### Exercise details
Work through the data and say how many lines contain "with". The number alone is the answer.
(Beginning of Source data)
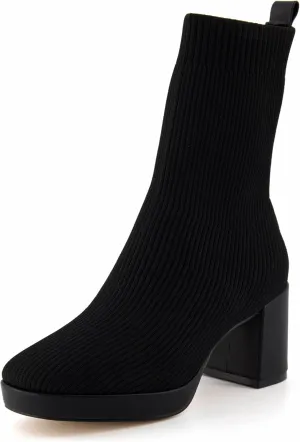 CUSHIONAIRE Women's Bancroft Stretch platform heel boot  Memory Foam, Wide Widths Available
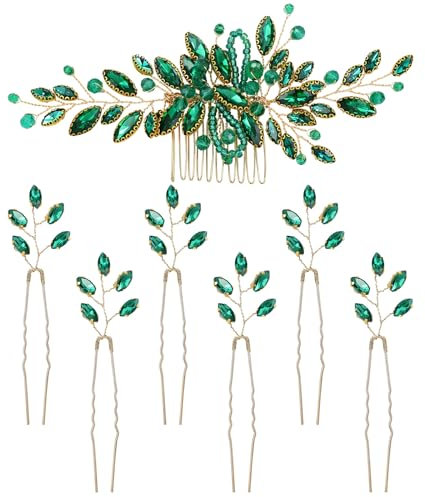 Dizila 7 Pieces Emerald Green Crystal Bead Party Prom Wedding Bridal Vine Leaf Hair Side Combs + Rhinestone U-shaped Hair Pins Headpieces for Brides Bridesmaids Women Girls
(End of Source data)
(Beginning of Source data)
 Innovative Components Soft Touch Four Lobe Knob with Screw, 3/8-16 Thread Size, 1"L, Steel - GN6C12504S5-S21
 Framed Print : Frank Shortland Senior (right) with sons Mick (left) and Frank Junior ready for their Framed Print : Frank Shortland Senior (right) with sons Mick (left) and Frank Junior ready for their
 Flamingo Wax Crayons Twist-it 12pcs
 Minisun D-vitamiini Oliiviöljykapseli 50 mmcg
(End of Source data)
### Response below
2